Thanks goodness that the upstart smaller credit rating agencies seem to have forced S&P's hand. Egan-Jones Rating Co. and Weiss Ratings had already looked at the numbers and downgraded U.S. debt earlier this year. These firms are gaining a foothold as the Securities and Exchange Commission, prodded by the bipartisan Credit Rating Agency Reform Act of 2006, has approved a handful of new firms as "nationally recognized statistical rating organizations" to compete with what had long been the government-protected cartel of the "Big 3."
There's much, of course, to critique in the S&P's downgrade decision. The firm's analysts focus too little attention on how current regulatory policy that slows entrepreneurial growth has exacerbated the crisis. Moreover, they are too quick to accept the Washington mantra that higher taxes would help -- rather than focus on comprehensive reform of our 2.1 million word tax code (less social engineering in the tax code, lower overall rates). And the special powers granted to the established credit ratings firms by the SEC and other financial regulators have embedded their ratings in capital requirements for a host of financial institutions, causing a downgrade to be more damaging than it should be.
Still, S&P realizes it must provide reliable information on how it sees America's financial issues if its reputation is to survive. What it sees isn't pretty: a nation with slow growth, crippling regulations, burdensome tax policies and ever-expanding entitlement and other spending programs. On top of that we have a budget deal that only addresses these problems at the margins, a Republican House reluctant to take on politically sensitive entitlement reform, a Democratic Senate unwilling even to discuss such reform, and a president running for re-election on a soak-the-rich platform.
The ruling class isn't eager for Cassandras telling them that their spending binge cannot go on much longer, yet that is precisely what they need to hear. The last thing we need is Pollyannas to lull the Washington political class back into its usual stupor.

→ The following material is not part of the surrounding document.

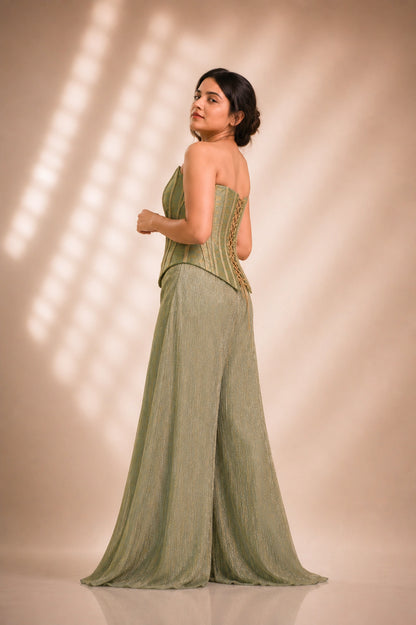 Sage green brocade corset co-ord set, back view showing lace-up corset detail and shimmer palazzo train, occasion wear by Label Neha Sinha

For that reason, the S&P downgrade offers actual hope. As the economist Herbert Stein famously noted: "If something cannot go on forever, it will stop." The current pace of government growth cannot go on forever. The welfare-regulatory state is unsustainable. It promises far more than economic growth makes possible, while its tax, regulatory, and other disincentives to wealth creation make that growth increasingly anemic.
So it will stop. In effect, our political system is now molten rather than broken—it will take a new shape. That presents an opportunity to help shape a re-born America, one that returns to the limited government constitutional ideals that made our nation viable and prosperous. The other option is a future of stagnation, increased poverty, and diminished freedom—things politicians all profess to hate, even as they promote policies that would help bring them about.
Crisis can beget opportunity, as the Cassandras who were once dismissed and the reforms once considered radical begin to be taken seriously. We need not solve all of the problems of the past at once to foster economic growth; simply setting us on the right path can go a long way to reviving innovation and prosperity.
The opportunities are great. Most of the world's wealth has yet to be created. America can again be the entrepreneurial powerhouse if we just let it. We don't need to teach the grass to grow; we simply need to move the rocks off the lawn. Today, the government-created regulatory "rocks" flowing out of the Washington bureaucracy pose the greatest threat to our future -- a threat that, unlike tax and entitlement policy, has yet to receive due attention. S&P hinted at this through its statement in the downgrade explanation that the bickering over fiscal policy "diverts attention from the debate over how to achieve more balanced and dynamic economic growth."
That is where the downgrade creates an opportunity. The unsustainability of the federal Leviathan has grown too large to ignore. S&P has simply recognized the realities which the political class would like to ignore: America's economy is hobbled by ever-increasing government intervention. Only in reversing that trend can there be hope of recovery.
Fred Smith is president of the Competitive Enterprise Institute.